O intelectual não costuma ser cobrado por seus pares e restrições que
se aplicam à maioria dos campos normalmente estão ausentes nessa área.
Outro
aspecto interessante que Sowell mostra é como intelectuais ganham
notoriedade por visões políticas e ideológicas, mesmo quando a fonte de
sua expertise é bem diferente. Bertrand Russell tinha tratados
interessantes sobre a matemática, mas isso não tinha nada a ver com a
reverência que ele recebia como intelectual público, dando palpites
sobre desarmamento global ou cristianismo. George Bernard Shaw era
poeta, mas sua fama de intelectual veio de sua defesa do socialismo, e o
fato de ele defender ditaduras de forma explícita nunca arranhou sua
imagem perante seu público.

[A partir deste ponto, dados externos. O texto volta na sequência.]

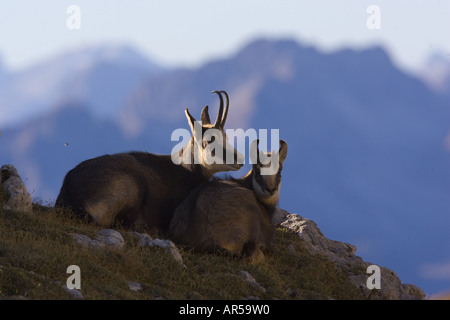 Le Gams, Rupicapra rupicapra, chamois des Alpes, Berner Oberland, Suisse Schweiz Banque D'Images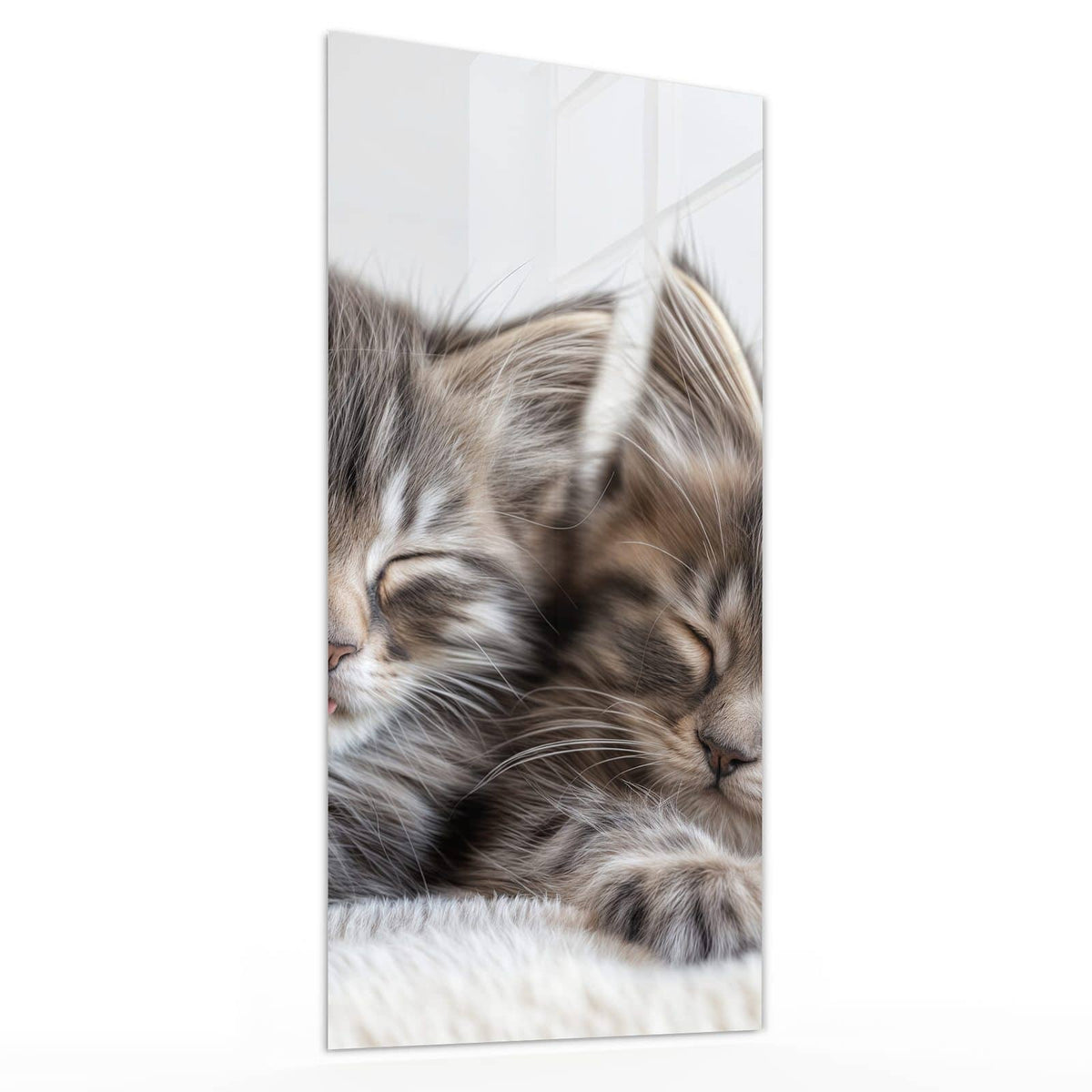 Glasbild Zwei schlafende Kätzchen von der Seite, 4 mm Echtglas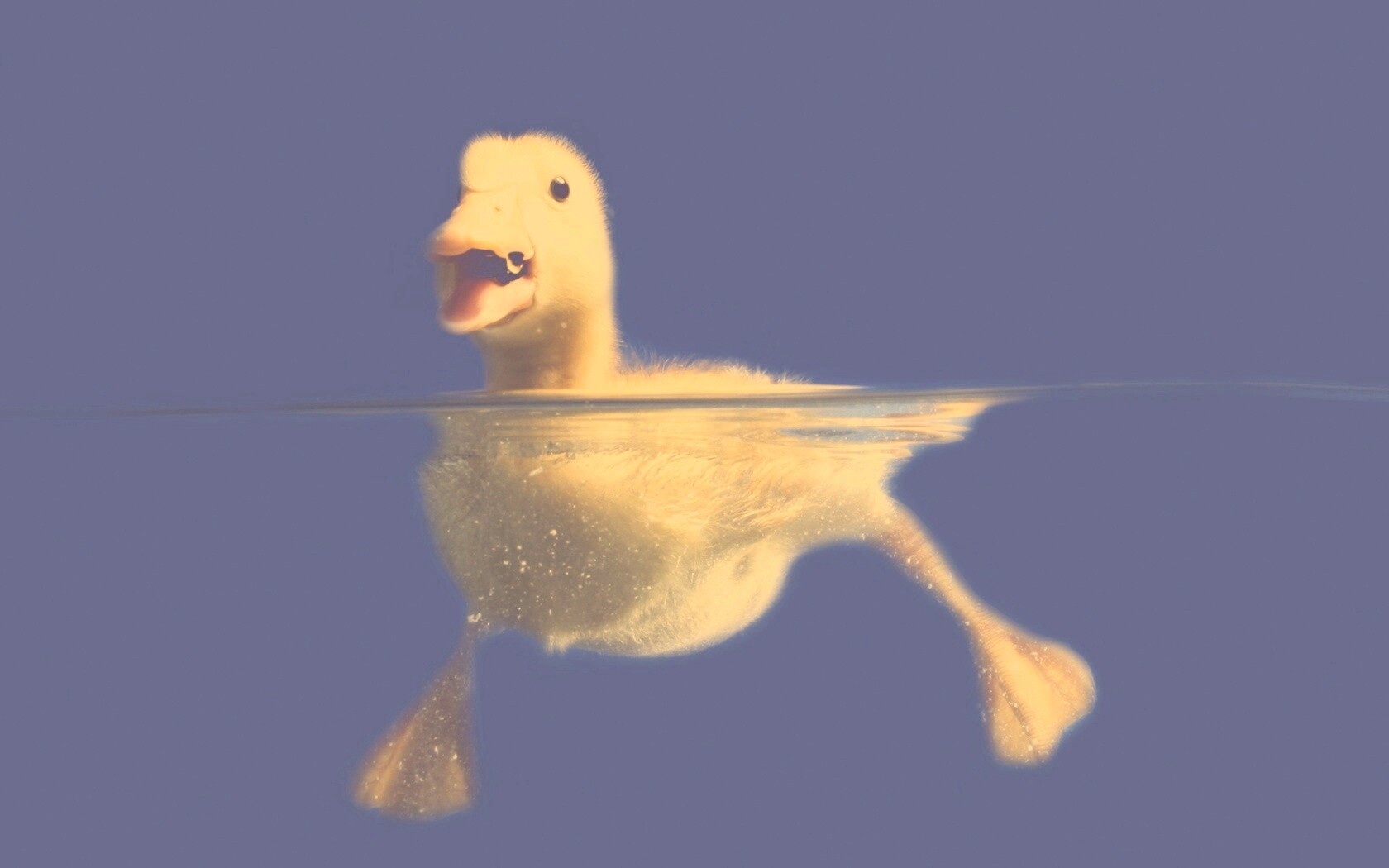 Утёнок в воде обои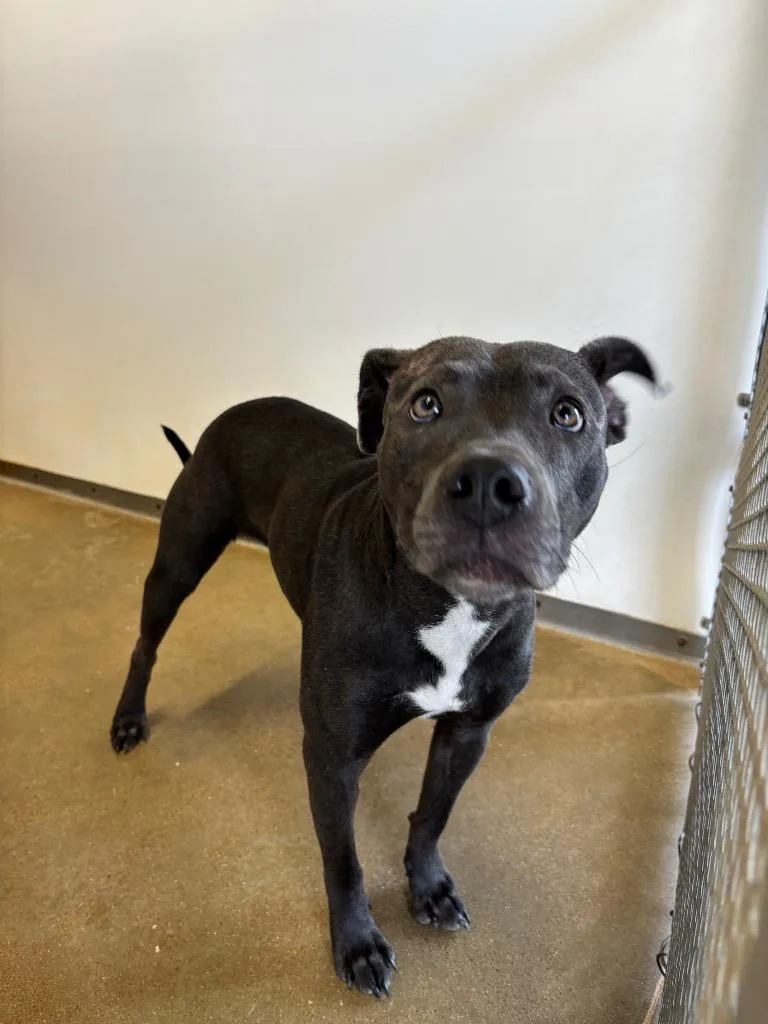 A young medium-sized female Pit Bull Terrier dog named Basil for adoption in Belton, TX
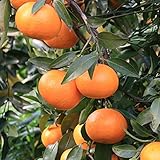 みかん 苗木 【津之輝 （つのかがやき）】 2年生 接ぎ木 ポット苗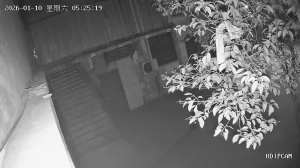 Caméra IP - People's Republic of China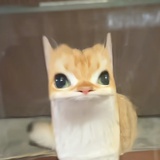 星之彩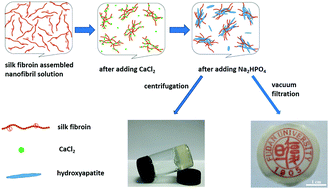 Graphical abstract: Structure and properties of various hybrids fabricated by silk nanofibrils and nanohydroxyapatite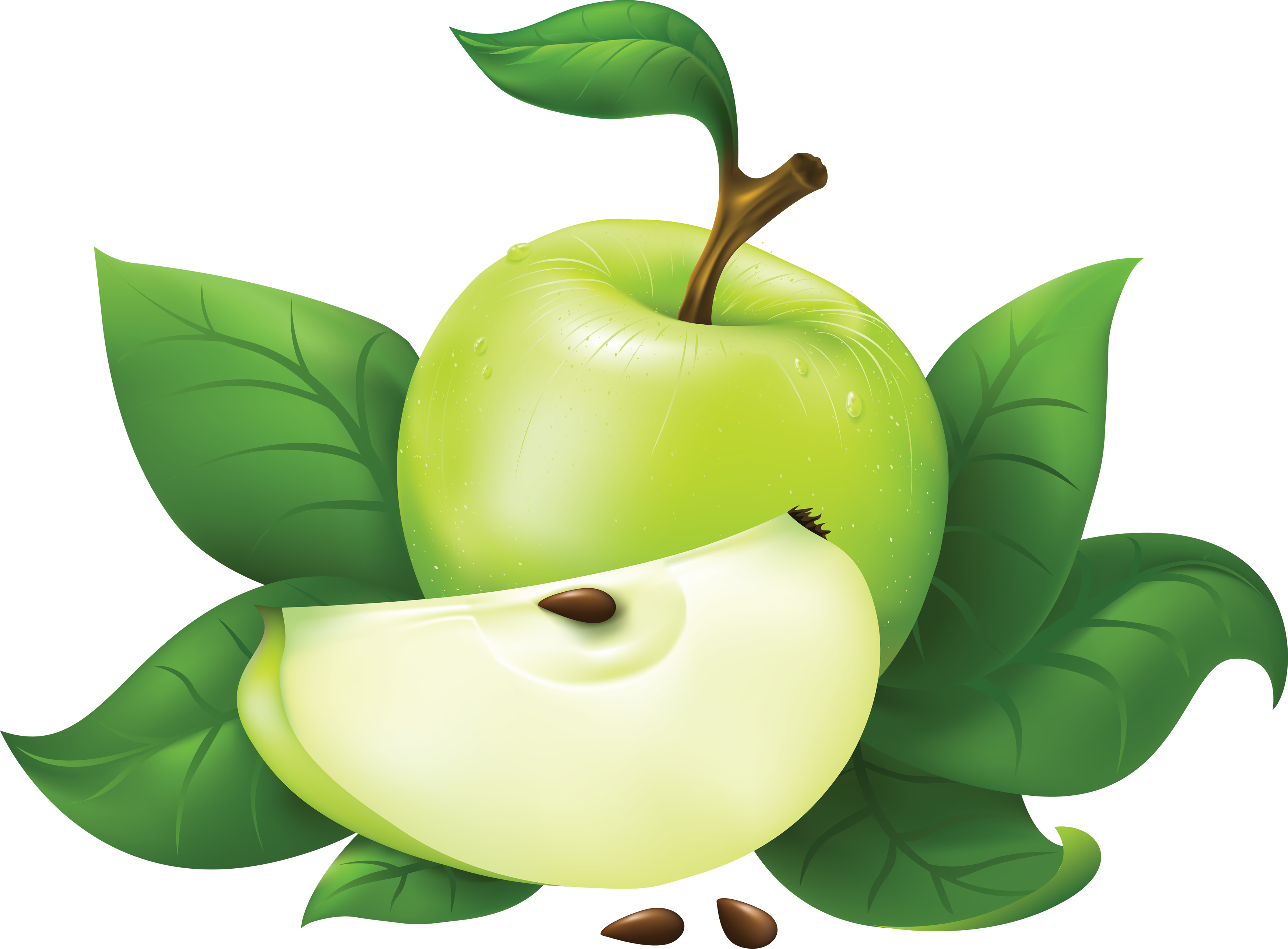 apple_PNG4742.png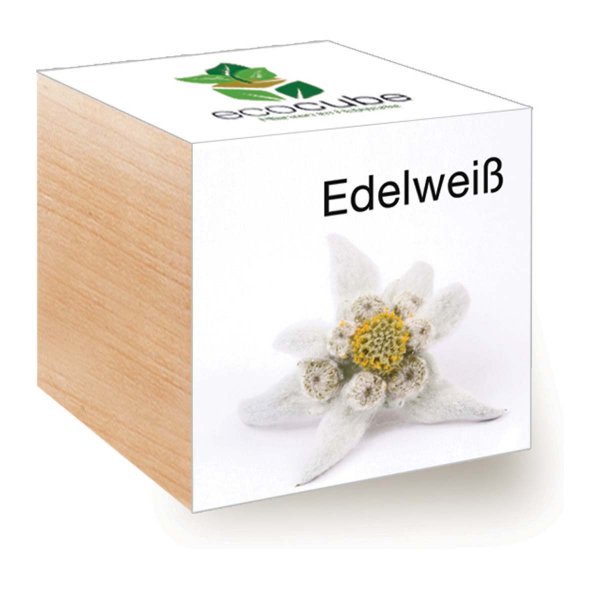 EcoCube Edelweiß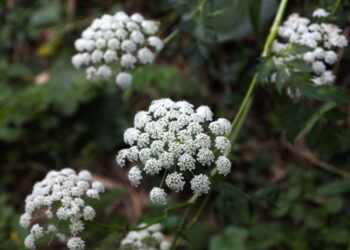 한약재 강활, 인슐린 분비 촉진시켜 ‘혈당조절’ 효과 입증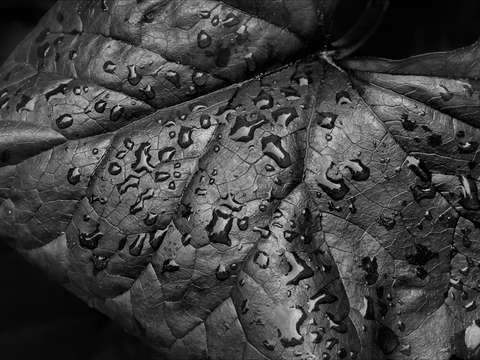 Wet leaves 2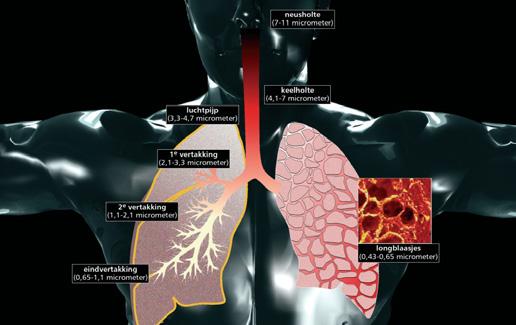 In de longen treedt schade op, maar het mechanisme waardoor dit gebeurt is niet precies bekend.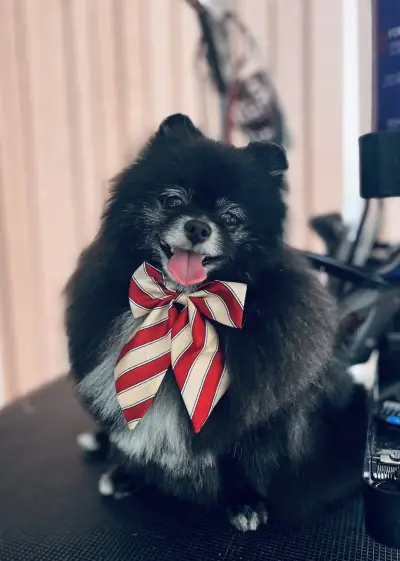Пет Бюти Грум салон, Pet Beauty Groom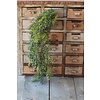 32.5" New England Boxwood Hanging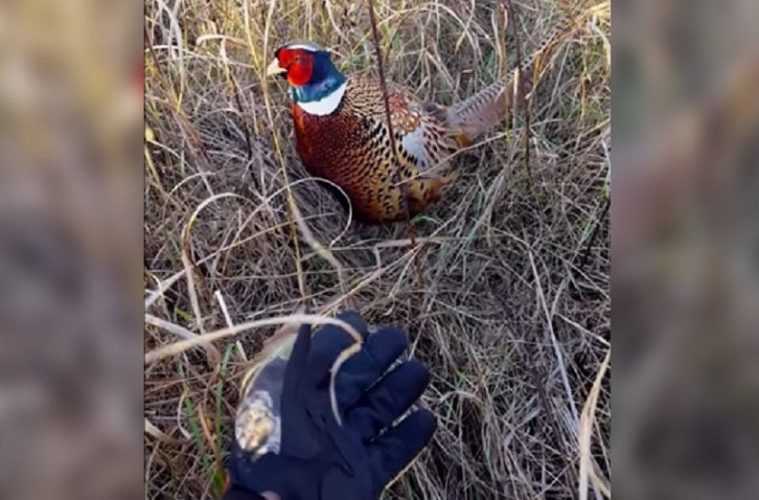 A Wild Pheasant Following Around A Bowhunter Vdieo Featured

Noam Chomsky se destacou como linguista, mas
a bajulação a ele vinha de seu papel como intelectual “anarquista”,
demonizando o sistema capitalista norte-americano.
Eis,
então, o erro fatal dos intelectuais: assumir que sua habilidade
superior dentro de uma área particular pode ser generalizada como uma
sabedoria superior ou uma moralidade superior. Eles ignoram a falta de
elo entre as duas coisas, assim como o fato de que há mais sabedoria na
população em geral do que num indivíduo qualquer, por mais inteligente
que ele seja. O conhecimento total, portanto, supera aquele das elites
intelectuais, mesmo que cada indivíduo escolhido aleatoriamente entre
grandes grupos tenha apenas fragmentos inexpressivos desse conhecimento.
Os
intelectuais, de forma arrogante, partem da premissa implícita de que o
conhecimento já está concentrado em pessoas como eles, e que por isso
mesmo o processo decisório também deveria estar concentrado nessa elite
“iluminada” que saberá tomar as melhores decisões pelo povo. O movimento
“progressista” norte-americano sempre teve como pilar essa visão
elitista e arrogante, que leva facilmente para o desprezo da democracia e
da economia de mercado, e enxerga no “rei-filósofo” um caminho melhor
para administrar a coisa pública.
Esses
“experts” assumem também uma visão utópica de que serão sempre
“desapaixonados”, ou seja, agirão somente com base no bem geral e não no
interesse egoísta, que são incorruptíveis e sem nenhum viés. Eis uma
crença que não resiste a qualquer escrutínio empírico, mas que sobrevive
em círculos intelectuais como premissa verdadeira, ou seja, sem nenhum
escrutínio sincero. Afinal, sem tal premissa, toda a defesa dessa
“engenharia social” com poder concentrado nos “iluminados” vai para o
espaço.
Os
intelectuais gostam muito de falar em nome da razão, mas o uso adequado
da razão leva à conclusão acerca de seus próprios limites. As leis, por
exemplo, são muitas vezes fruto da experiência passada, não da lógica.
Mas esses intelectuais se recusam a admitir isso, preferem flertar com
abstrações racionalistas e desprezar as tradições e os tabus. Sowell
entra em várias áreas para ilustrar as incríveis falácias repetidas por
intelectuais, como na economia, no direito, na sociologia, na imprensa e
na geopolítica. Cada capítulo é riquíssimo em casos bizarros de erros
grosseiros causados por essa típica arrogância intelectual.
Mas
é muito difícil persuadir tais intelectuais de seus graves equívocos,
pois uma das violações mais comuns dos padrões intelectuais é a prática
de atribuir às emoções as divergências de opinião. Assim, alguém pensa
diferente porque é racista, machista, homofóbico ou xenófobo, e o
intelectual não precisa mais rebater os argumentos contrários. E, como
essa visão é predominante na mídia também, a visão dos intelectuais
acaba sendo a dominante e influenciando bastante o mundo.
Nem
quando os reis tinham direitos divinos havia essa presunção de que uma
elite tem o direito de guiar todos os demais, basicamente por meio da
expansão de poder estatal. E essa visão dos “ungidos” não é apenas uma
visão da sociedade; é também uma visão autocongratulatória dos próprios
“ungidos”, que dificilmente vão abrir mão dela já que, com isso, podem
se sentir totalmente especiais.
Talvez
o que mais falte a esses intelectuais é humildade, é a capacidade de se
enxergar como alguém inteligente, de destaque em certa área do saber,
mas não como um guia moral para as massas, não como alguém cuja missão é
“empurrar a história” na direção “certa”.